A little grep help please

[ally100]

Hi all,

I have a text file containing hundreds of lines and I am trying to retrieve and print just the account names held in this text file.

Using grep -n '^user' filename.txt I can see that one of the accounts called 'user' is first word on one of three lines. The one I'm interested in is line 124. Now i want to be able to just print the account name user and nothing else.

Using this command - grep '^user' filename.txt , I get the following output;

user pts/1 adsl-194-162-fix Thu Jul 9 08:40:04

(note there are about 2 or 3 tabbed spaces between user and pts/1)


So my question is;
A) How do i limit the output to just line 124?
B) How do i print just the first word 'user' and not the remainder of the line?
C) I also need to replicate this for 2 other accounts, can this all be accomplished in one line?

Many thanks in advance
Ally.

 

[Rob]

So you're basically about half way there - you've figured out how to print out line 124 by grepping for ^user.. to print out just the first column of the text, you can use awk..

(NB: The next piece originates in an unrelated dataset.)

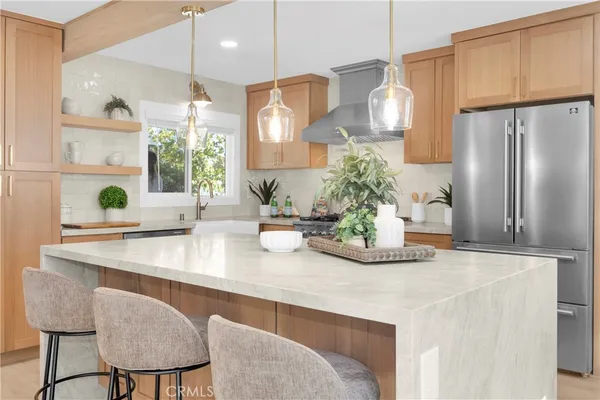 $1,388,800 | 24812 Calle El Toro Grande, Lake Forest, CA 92630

grep '^user' filename.txt | awk '{print $1}'

 

[ally100]

So you're basically about half way there - you've figured out how to print out line 124 by grepping for ^user.. to print out just the first column of the text, you can use awk..

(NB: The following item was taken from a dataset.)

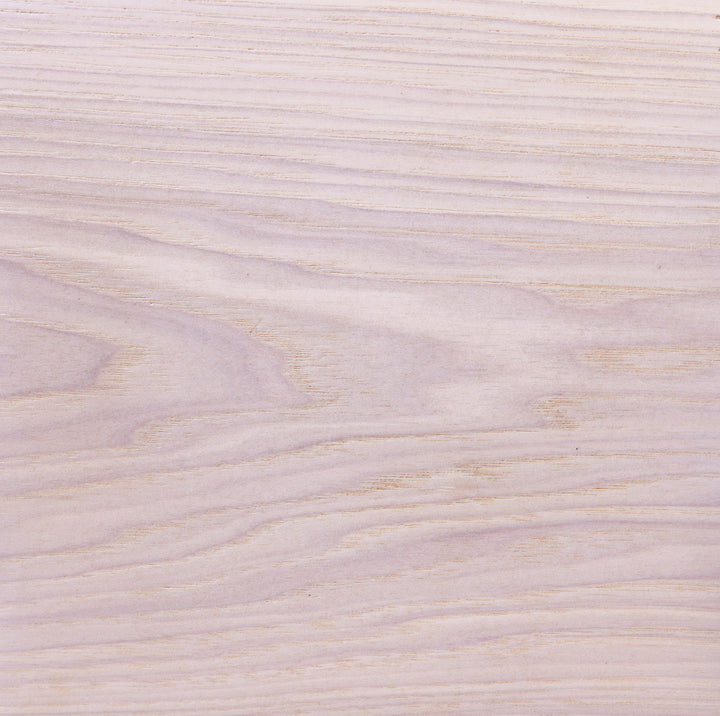 Wood Sample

grep '^user' filename.txt | awk '{print $1}'

Perfect, problem solved, many thanks for your help its greatly appreciated.

 

[jerz4lunch]

So you're basically about half way there - you've figured out how to print out line 124 by grepping for ^user.. to print out just the first column of the text, you can use awk..

grep '^user' filename.txt | awk '{print $1}'

I know this problem is already solved, but I'd like to point out that the same thing can be accomplished by passing output from the grep command to the cut command:

grep '^user' filename.txt | cut -d" " -f1

or if file contains tabs instead of spaces:

grep '^user' filename.txt | cut -f1